The present invention relates generally to metallating ethylene polymers which have polymerized therein a minor amount of at least one nonconjugated diene. More specifically, the present invention relates to an improved process for metallating such polymers with a three-component metallation system. The present invention also relates to graft polymers and functionalized polymers prepared from the metallated polymers.
The term "metallation", used in its broadest sense, describes a substitution reaction in which a non-carbon atom is replaced by an alkali metal atom. In a narrower sense, it is believed that metallation of unsaturated polymers occurs by allyl hydrogen exchange whereby an anion is produced. The resulting anion is stabilized by declocalization with the adjacent double bond. The alkali metal atom is suitably provided by an organo-alkali metal compound.

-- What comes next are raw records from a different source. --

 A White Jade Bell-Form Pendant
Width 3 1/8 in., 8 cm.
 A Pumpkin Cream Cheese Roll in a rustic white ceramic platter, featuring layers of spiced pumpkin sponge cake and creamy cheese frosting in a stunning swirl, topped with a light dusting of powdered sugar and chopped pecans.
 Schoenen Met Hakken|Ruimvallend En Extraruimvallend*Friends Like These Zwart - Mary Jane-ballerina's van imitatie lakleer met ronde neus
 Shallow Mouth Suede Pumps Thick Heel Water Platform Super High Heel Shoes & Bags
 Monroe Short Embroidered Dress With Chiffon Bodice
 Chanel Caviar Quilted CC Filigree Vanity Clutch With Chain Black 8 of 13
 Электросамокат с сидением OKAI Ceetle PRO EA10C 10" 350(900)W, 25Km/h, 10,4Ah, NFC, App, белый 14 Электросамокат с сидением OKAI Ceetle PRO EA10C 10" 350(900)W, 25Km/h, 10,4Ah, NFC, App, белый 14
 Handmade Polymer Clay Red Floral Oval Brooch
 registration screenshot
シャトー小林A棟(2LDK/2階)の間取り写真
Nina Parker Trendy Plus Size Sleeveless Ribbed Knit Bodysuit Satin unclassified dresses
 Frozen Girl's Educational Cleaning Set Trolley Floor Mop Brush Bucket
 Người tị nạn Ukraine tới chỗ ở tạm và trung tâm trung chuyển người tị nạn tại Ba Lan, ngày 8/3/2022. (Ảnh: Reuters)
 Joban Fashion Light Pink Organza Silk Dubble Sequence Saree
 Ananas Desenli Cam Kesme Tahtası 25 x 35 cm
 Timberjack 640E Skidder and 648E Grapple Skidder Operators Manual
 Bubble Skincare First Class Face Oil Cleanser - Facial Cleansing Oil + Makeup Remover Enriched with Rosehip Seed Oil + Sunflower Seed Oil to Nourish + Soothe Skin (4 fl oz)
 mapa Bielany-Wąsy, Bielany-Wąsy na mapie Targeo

Metallation of conjugated diene polymers with an organolithium compound, e.g., n-butyllithium, in combination with either a potassium alkoxide e.g., potassium-tert-butoxide or potassium-tert-amyloxide, or a tertiary diamine, e.g., tetramethylethylenediamine (hereinafter "TMEDA"), is known. See, A. F. Halasa et al., "Metallation of Unsaturated Polymers by Using Activated Organolithium Compounds and the Formation of Graft Polymers II", Journal of Polymer Science, Volume 14, pages 497-506 (1976). Halasa et al. note that each combination has one or more significant drawbacks. The n-butyllithium/TMEDA combination, while generally efficient for metallation of conjugated diene polymers such as polybutadiene, promotes polymer chain scission or degradation where there is a double bond in the polymer backbone. The n-butyllithium/potassium-tert-butoxide combination, when compared with the n-butyllithium/TMEDA combination, alleviates some of the chain scission problem but at a cost of lower metallation efficiency.
E. W. Duck et al., in U.S. Pat. No. 3,703,566, disclose metallation of unsaturated hydrocarbon elastomers and formation of graft copolymers by polymerizing one or more monomers in the presence of the metallated elastomer. The elastomer, more commonly known as an "EPDM terpolymer", has polymerized therein ethylene, a 1-olefin such as propylene and a nonconjugated diene monomer. Metallation is accomplished by admixing a solution of the terpolymer in an inert organic solvent with a complex of a saturated alkali metal hydrocarbon and a polar compound. The alkali metal hydrocarbon may be an alkyllithium compound such as n-butyllithium. The polar compound may be a tertiary diamine, such as tetramethylethylenediamine, or an alkali metal alkoxide, such as potassium-tert-butoxide. In other words, Duck et al., like Halasa et al., use a two-component metallation composition.
Polymer chain scission and low metallation efficiency are both undesirable. Polymer chain scission, or breaking up the polymer backbone, generally results in reduction of desirable polymer properties. Low metallation efficiency means excess metallating components may be present upon completion of metallation. Excess metallating components compete with the metallated ethylene polymer for reagents added subsequent to metallation. This competition provides a mixture of products rather than a generally pure product. Free alkali metal atoms (those not bound to the ethylene polymer) usually must be neutralized before use of the metallated polymer. The neutralized alkali metal atoms may adversely affect final product properties. Alkyllithium and potassium alkoxide compounds are also expensive. As such, final product cost escalates with increasing amounts of one or more of these compounds.
A metallating composition which provides enhanced metallation efficiency would be desirable. A metallated polymer with enough alkali metal sites to promote adequate functionalization or grafting of the polymer and thereby yield a useful polymer product would also be desirable. A metallated ethylene polymer suitable for use in preparing a thermoplastic elastomer would further be desirable. Graft polymers having either themoplastic or thermoplastic elastomer properties would similarly be desirable.